The line containing "9929 Markhorn Ct — Photo 8" marks the start; extract exactly from it through the last line of the entries, and omit any pictures.

==== Data for review ====

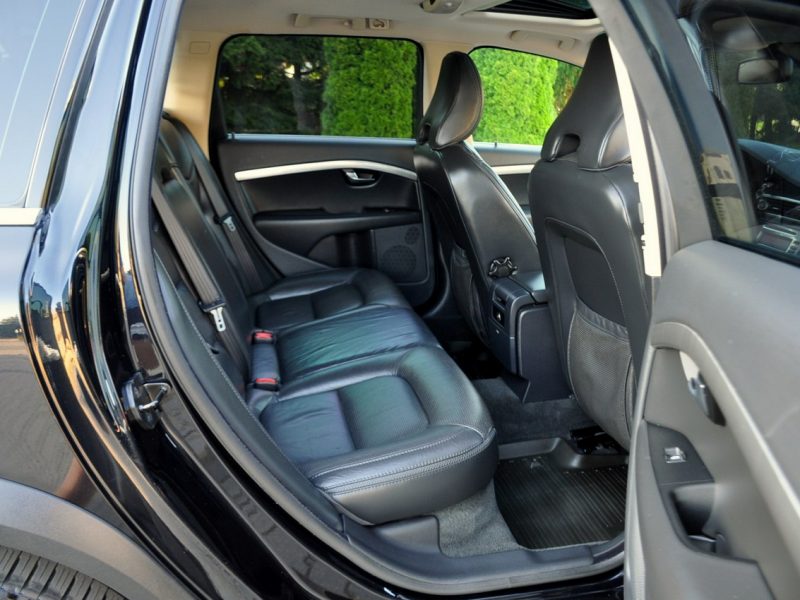 Volvo XC 70 2.4d(185KM)*Lift*AWD*Xenon*Navi*Skóry*El.Fotele*Szyber*I Wł*Alu18"*ASO III (2007-)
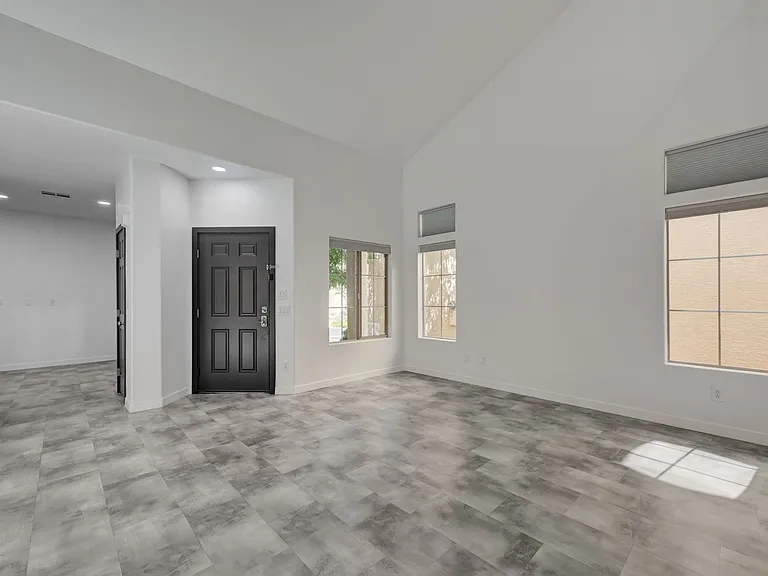 9929 Markhorn Ct — Photo 8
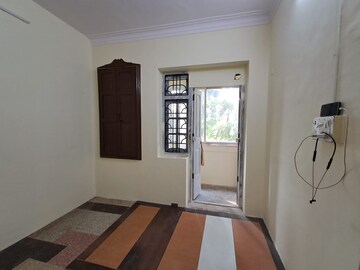 Room in  Office Space at Anand CHS Andheri East, Andheri East – for Rent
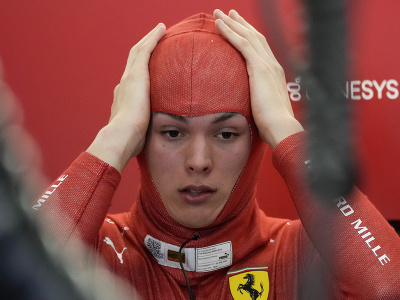 Britský pretekár Oliver Bearman počas svojej premiéry za stajňu Ferrari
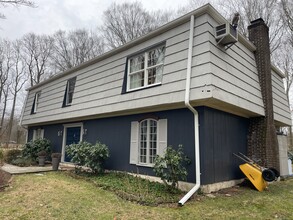 21 Fullmar Ln in Norwalk, CT - Building Photo - Building Photo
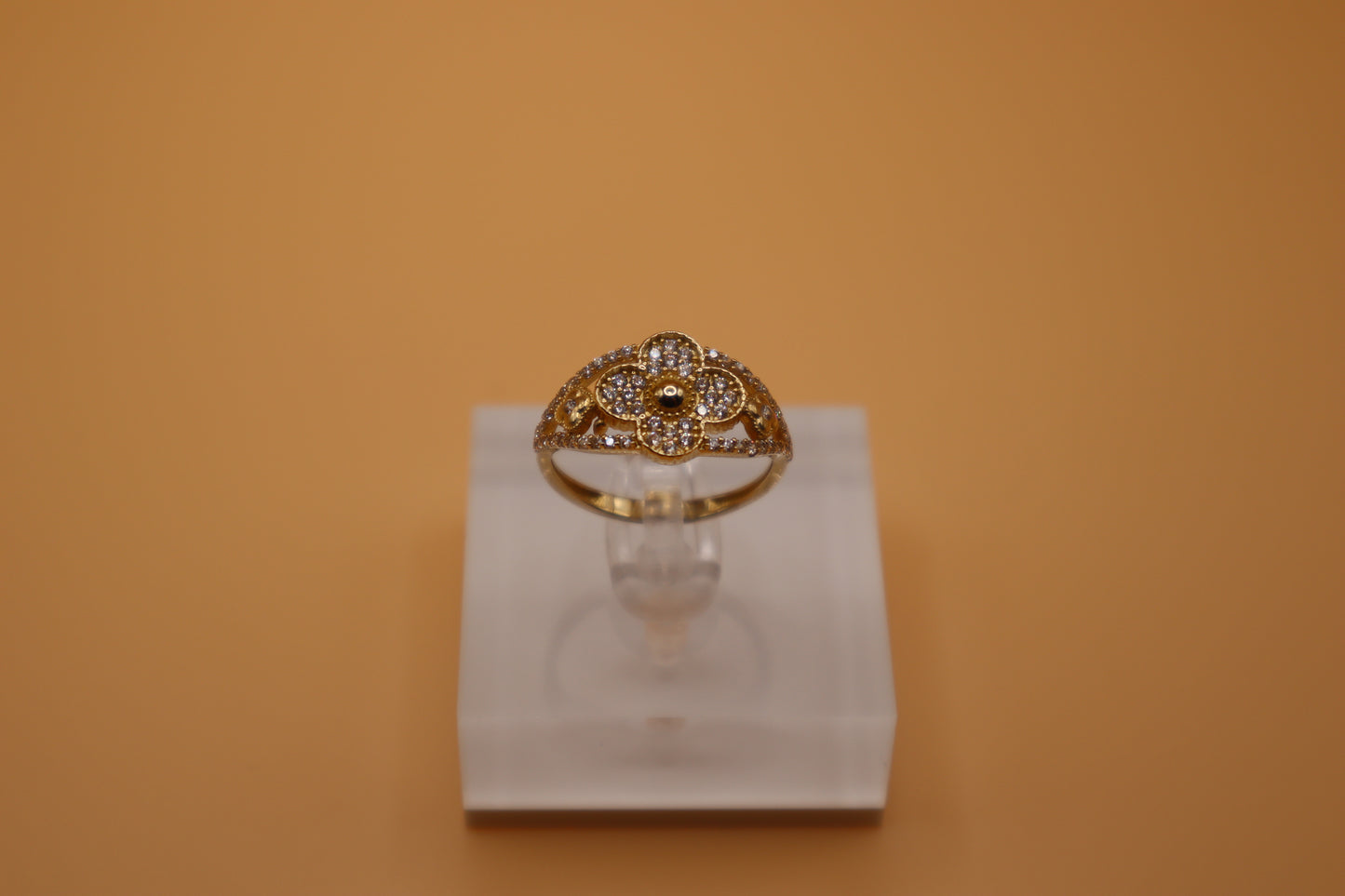 Anillo Van con zirconias en oro 14 k!!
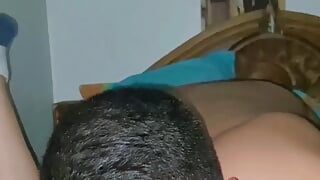 Padrastro heterosexual folla el lindo y apretado culo virgen del joven gay a pelo y se corre dentro de su lindo culo anal gay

====

:: Your solution ::
 9929 Markhorn Ct — Photo 8
 Room in  Office Space at Anand CHS Andheri East, Andheri East – for Rent
 Britský pretekár Oliver Bearman počas svojej premiéry za stajňu Ferrari
 21 Fullmar Ln in Norwalk, CT - Building Photo - Building Photo
 Anillo Van con zirconias en oro 14 k!!
 Padrastro heterosexual folla el lindo y apretado culo virgen del joven gay a pelo y se corre dentro de su lindo culo anal gay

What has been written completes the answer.